A further condition for granting the order could be proof that the creditor has made reasonable efforts to recover the debt with the debtor's agreement and without seeking redress through the courts.

4.6.3

The absence of a requirement for a prior hearing of the debtor is essential if the order is to be effective. However, this could go hand in hand with the provision of a guarantee, to be set by the judge, at a level sufficient to cover any loss or damage if the measure is set aside in the main proceedings or at appeal (if this does not have suspensory effect), provided that the measure is decreed before a definitive order exists or is obtained.

4.7   Amount to be secured and exemptions

4.7.1

The amount to be secured by the order must not exceed the sum that has been allegedly due and not repaid, plus that of the default interest (whether contractual or legal) incurred up to the time the enforcement order is applied for.

4.7.2

In the context of precautionary proceedings, which are inevitably provisional, and given the seriousness of freezing sums held in bank accounts, the Committee does not consider it legitimate to include any other sums, specifically to cover future interest payments, lawyers' fees, bank charges, legal costs, etc.

4.7.3

The Committee is aware that implementing this type of system could give rise to additional costs for banks. It does not consider it legitimate, however, to include these costs in the sums to be frozen in any bank accounts held by the alleged debtor. It should be left to national legislation to lay down arrangements for bank charges and for recovering these from creditors who use this procedure. These charges should be added to the settlement of court costs, which will be determined at the end of the process.

4.7.4

The Community instrument should also set the parameters for delimiting exemptions from execution, to enable the debtor (if the debtor is a private individual and not a business) to meet his and his family's basic needs, which could be jeopardised by the enforcement order.

4.7.5

After the protective order is granted, the bank should inform the court of any limitations on compliance with the seizure order, depending on the nature of the debtor's account (current account, savings account, mortgage account, etc.), the nature of the income or earnings paid into it (wages, professional fees, salaries, pensions and annuities, social security payments, etc.) and the nature of the expenditure associated with the account (mortgage, car repayment, rent, consumer credit, feeding the family, etc.), in accordance with the law of the country in which the bank account is held and insofar as the bank is in possession of such information.

4.8   Third-party accounts

4.8.1

By the same token, there appears to be no justification for broadening the scope of the protective order to cover bank accounts held in the name of third parties. In cases where it is not possible accurately to identify what proportion of the money in the account belongs to the debtor, it should be assumed that each holder has an equal share.

4.8.2

It is also unacceptable that several accounts should be attached to cover the same amount, although admittedly there is no easy solution when accounts are held in different countries: each court that has jurisdiction could be asked to grant the order, unaware that the same order has been requested elsewhere.
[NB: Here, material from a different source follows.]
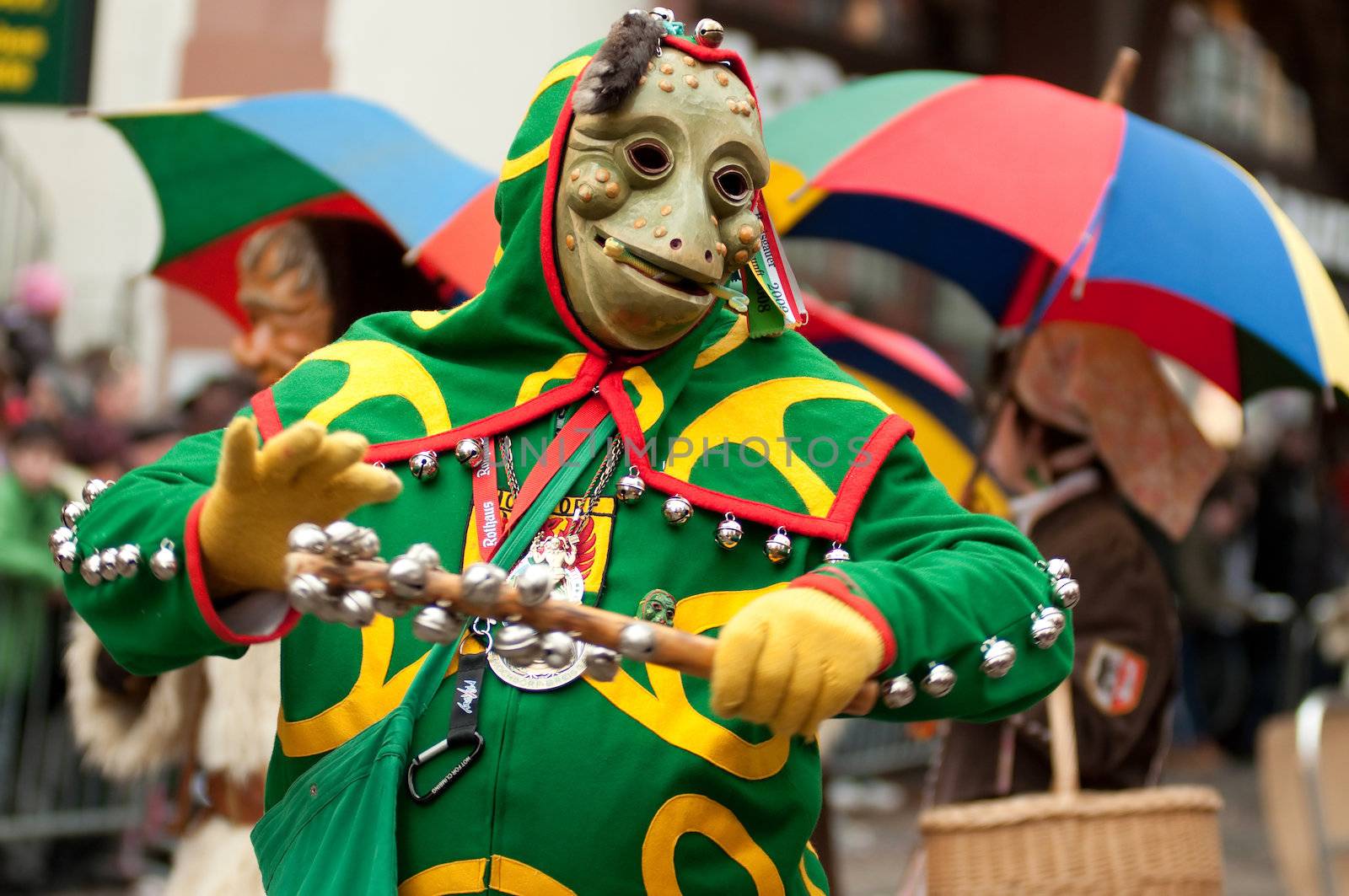 Freiburg, Germany - February 15 : Mask parade at the historical carnival on February 15, 2010 in Freiburg, Germany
The problem would continue until all proceedings are managed centrally by the court that has jurisdiction to hear the main case.

4.8.3

It therefore seems advisable, in conjunction with this initiative, to lay down clear obligations to provide information on the party applying for the attachment and on the banks subject to the protective order, as well as the duty for the banks and courts in the different Member States to cooperate, whilst fully respecting the rules on confidentiality, data protection and banking secrecy, as is rightly stated in the study underpinning the Green Paper.

4.8.4

It could be laid down, for example, that sums seized are reduced ex-post and within a specified short period of time, as soon as the information is obtained from the different banks, if more than one is involved.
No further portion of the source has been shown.